I had to get around a few headlands which had tidal restrictions. This meant I had to be around them before the tides reached a certain height.

I left a few hours before low tide and even though the walking was slow, I made it around the first two of these headlands with no problems. It was slow going because I was continually walking on rocks, some which were very slippery. I usually hike at a pace of two to two-and-a-half miles per hour but here it took me two hours to walk 1.8 miles. Then I had some sketchy rope assisted climbs over other headlands. These always slowed me down a bit. By the time I reached the water source before the Norwegian Memorial I had walked a bit over six miles in the hot sun and was ready for a lunch break.

It took me a while to find a good place to get water out of the stream which was trickling onto the beach. I had been advised to fill up there because the next five miles were dry and purported to be the hardest five miles on the northern coast. I was told I would be walking on rocks the entire way. I had already done some tough bouldering and so had visions of how hard the next five miles could be.
I knew I was cutting it close with the tidal restriction for the next headland but I didn’t feel like rushing. High tide that day was about 8.8 which was almost three feet above what was safe for walking around that particular cliff. I decided I would walk 2 1/2 miles to the headland knowing if I had to wait until the tides dropped enough, which would be about 6 PM, I’d still have time before dark to get to a spot where I could camp 2 1/2 miles further up the rocky beach.

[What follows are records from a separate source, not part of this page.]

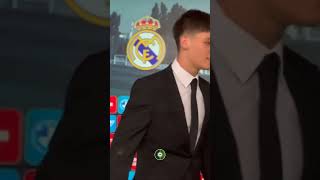 Arda Güler imza törenini İspanyolca bitirdi quotHala Madrid Graciasquot [upl. by Belden]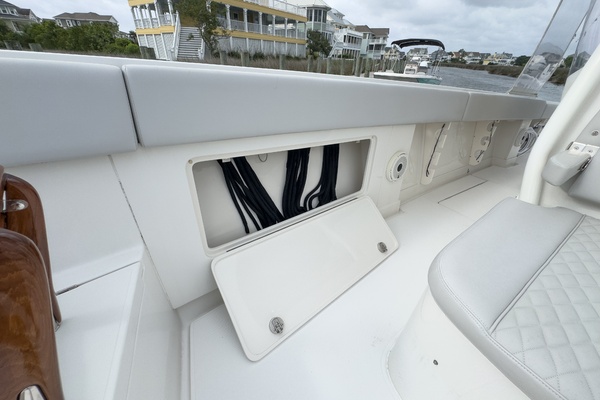 Flooring It 38ft Jupiter Yacht For Sale
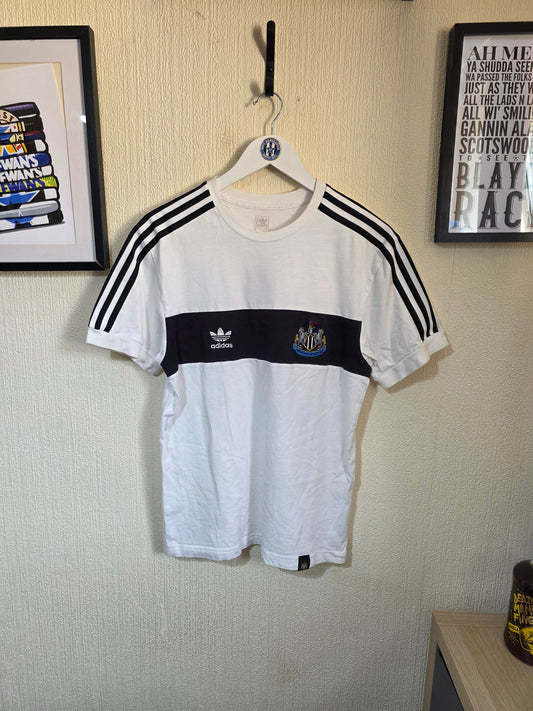 Newcastle United 2008/09 Adidas Originals t shirt - Small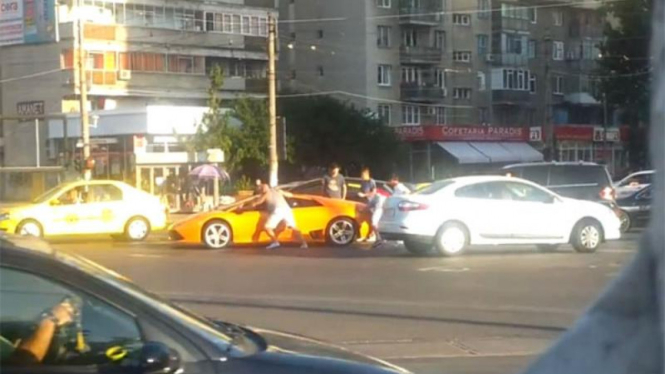 Lamborghini Murcielago mogok karena kehabisan bensin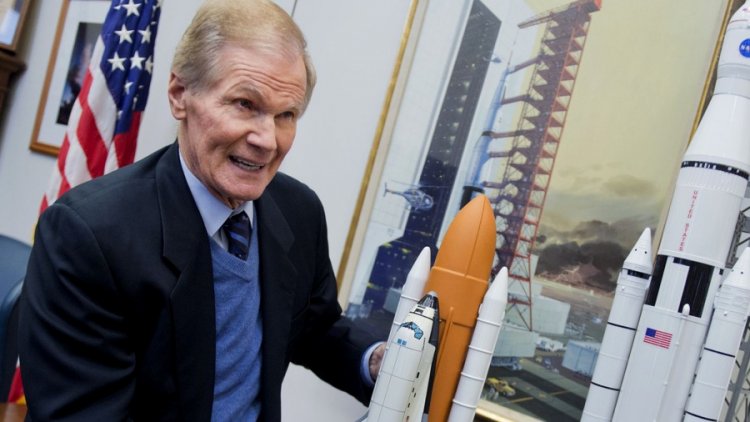 El director de la NASA aseguró que China se quiere quedar con la Luna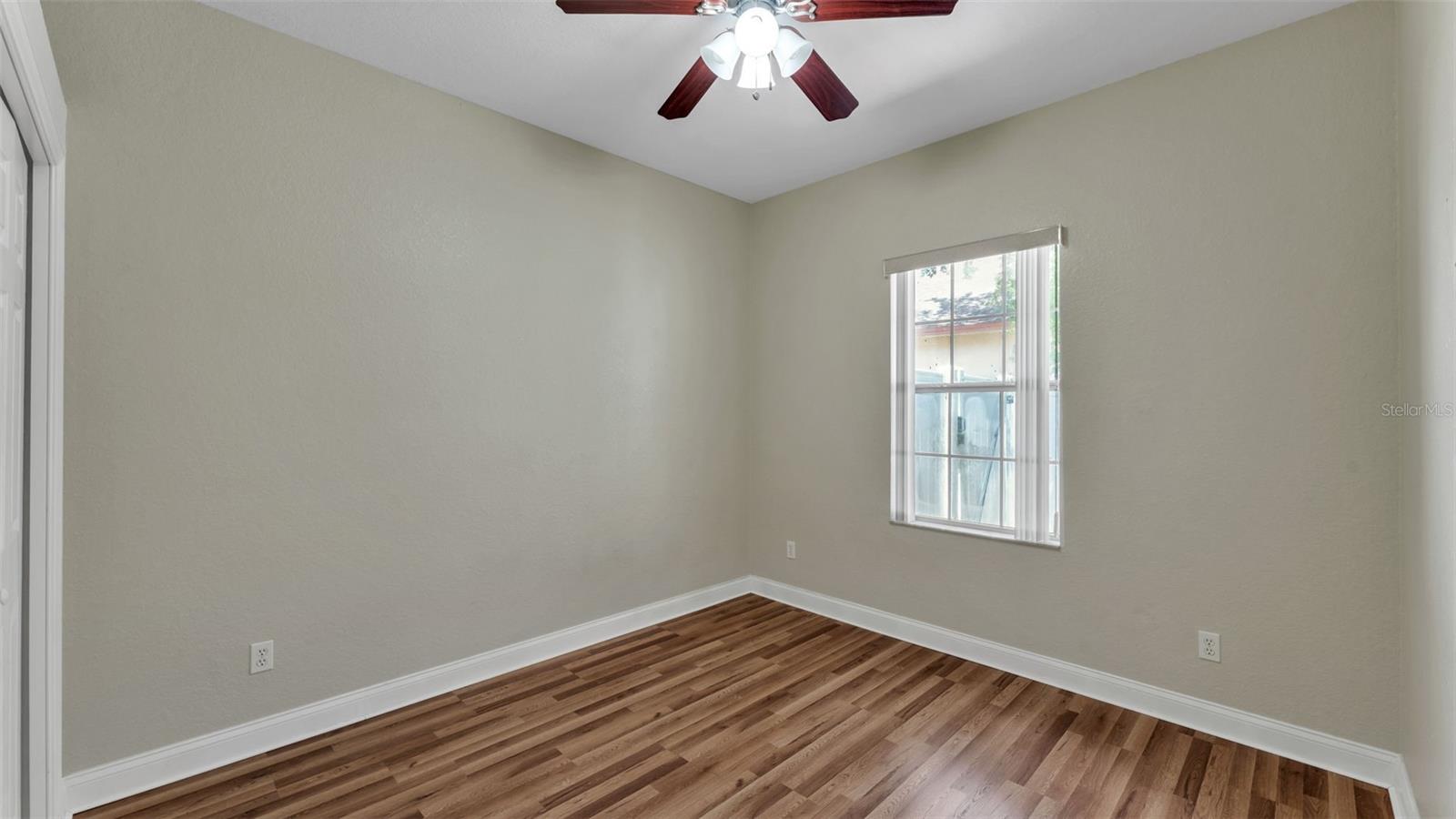 Image 18 of 38 For 112 Bentley Oaks Boulevard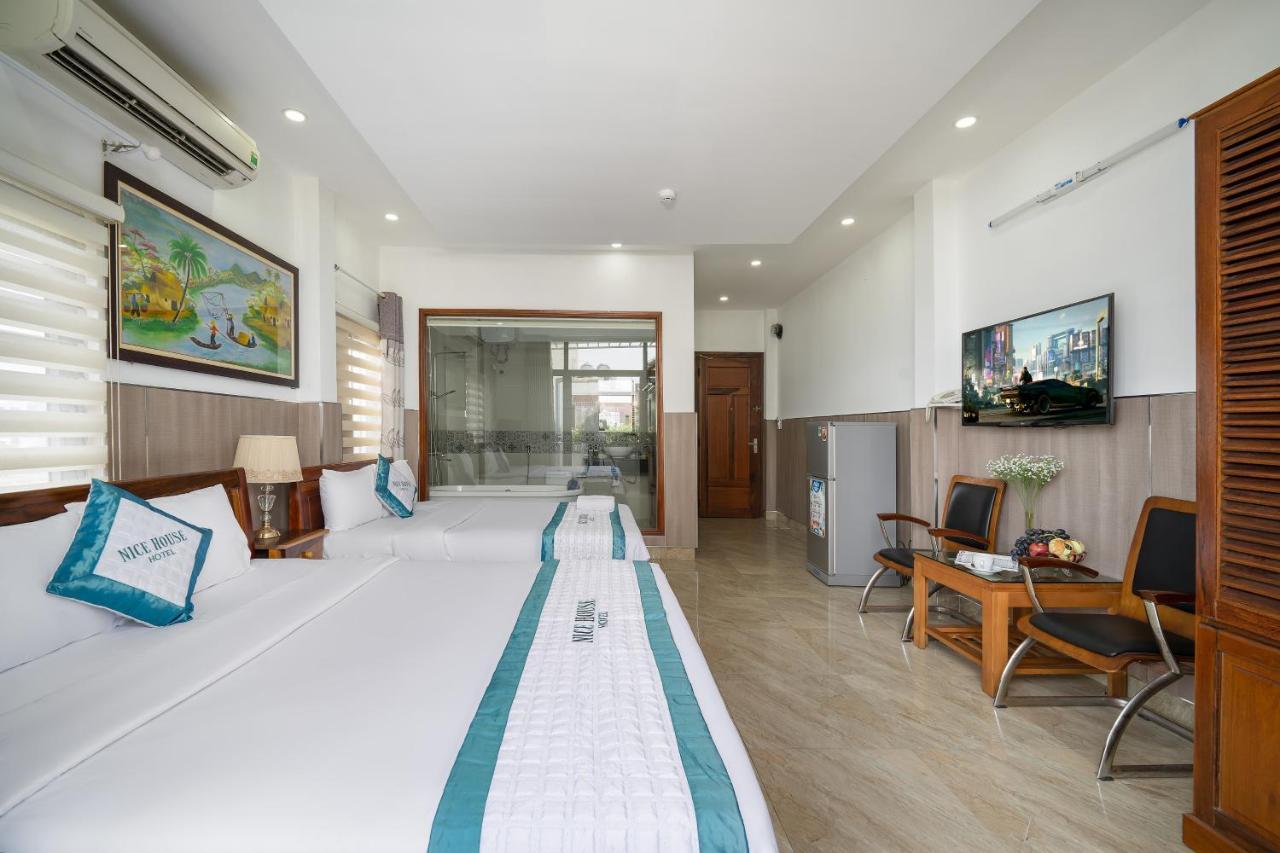 Nice House Hotel - Near My Khe Beach Дананг Екстериор снимка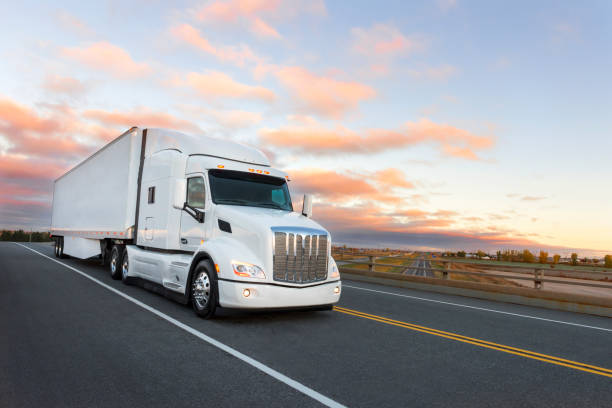 camion sur la route - industry truck semi truck trucking photos et images de collection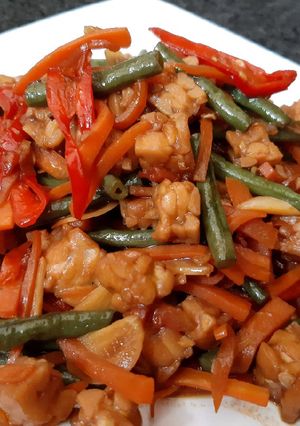Foto resep Oseng Kacang Panjang, Wortel, dan Tempe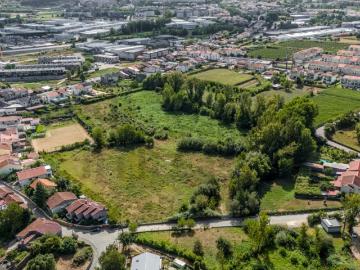 Vende se Terreno Braga Frossos
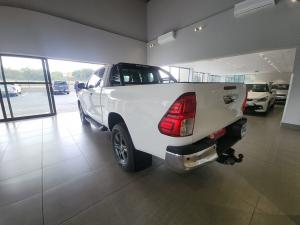 Toyota Hilux 2.4 GD-6 RB Raider automaticE/CAB - Image 2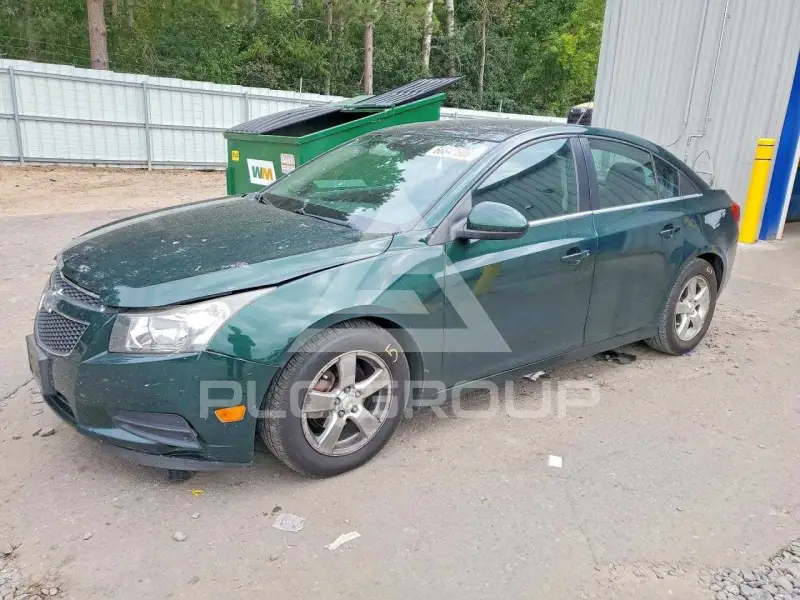 2014 Chevrolet Cruze фото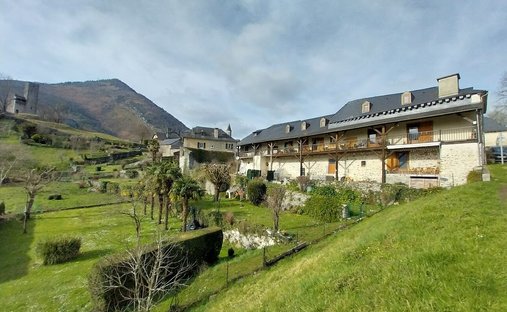 House in Castet, Nouvelle-Aquitaine, France 1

Walking was slow, rocky and very slippery but I would not say it was the hardest I had done on that coast. While the entire 5 miles was on rocks, I had very little strenuous bouldering like I had done around Diamond Rock and in a few other places. Sometimes the rocks were covered by deep mats of slippery seaweed which made it even more challenging. I was sometimes walking in stinky seaweed up to my ankles, surrounded by flies, which stirred with each step I took. Still, I was relieved this did not feel as hard as what I had done in other places.

As I neared the headland, I met a hiker coming in the opposite direction. When he told me there were places along the way I could scramble up out of the tide if need be, I decided I’d make a go for it. I was partway around when the water started getting close. I saw one cave that looked like I could crawl up into it but decided to look around the next bend. There I was met with another rocky prominence jutting into the sea. I went a short way past this outcropping and saw water hitting the base of rocks. I knew I might still have time to get around since those rocks were a little bit further out, but I was hesitant to risk it, especially since I still had at least 3/10 of a mile to get around the entire headland. In addition, I felt a curious pull (from Chilean ghosts perhaps?) to experience what it would be like to wait out the entire tide.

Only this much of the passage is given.